▶ DATA SECTION
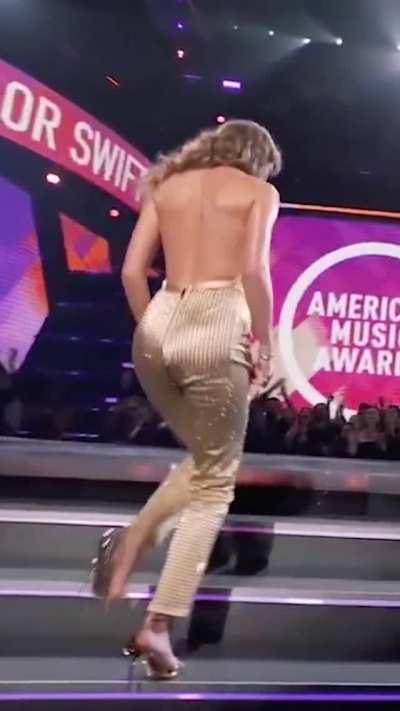 Taylor Swift looks like an absolute goddess here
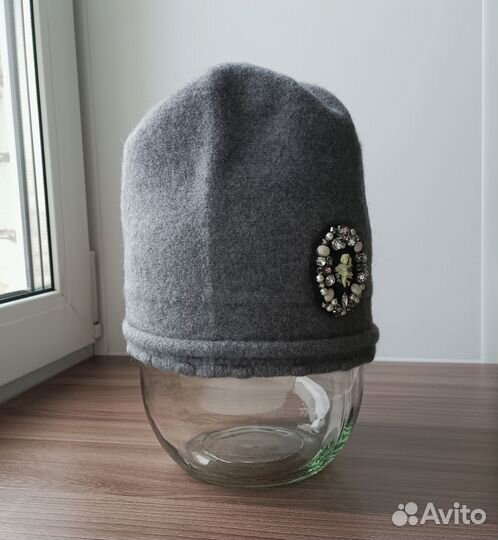 Шапка бини женская шерстяная с брошью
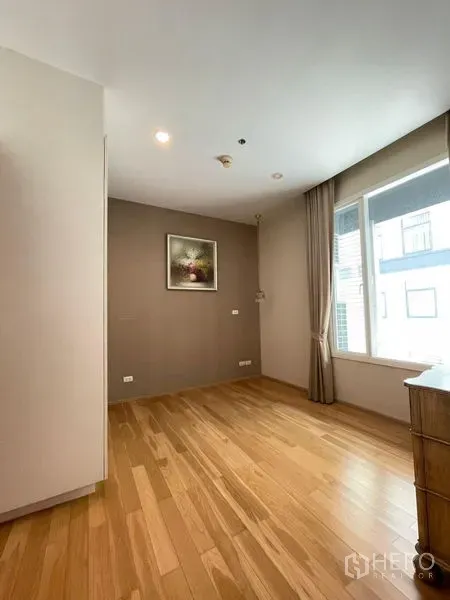 คอนโด ให้เช่าในWatthana, Bangkok - ห้องโล่งพื้นไม้พร้อมหน้าต่างบานใหญ่และผนังโทนอบอุ่น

▶ YOUR INSTRUCTIONS
Give an exact copy of the listing above that leaves out every picture.

▶ WRITTEN SOLUTION
 Taylor Swift looks like an absolute goddess here
 Шапка бини женская шерстяная с брошью
 คอนโด ให้เช่าในWatthana, Bangkok - ห้องโล่งพื้นไม้พร้อมหน้าต่างบานใหญ่และผนังโทนอบอุ่น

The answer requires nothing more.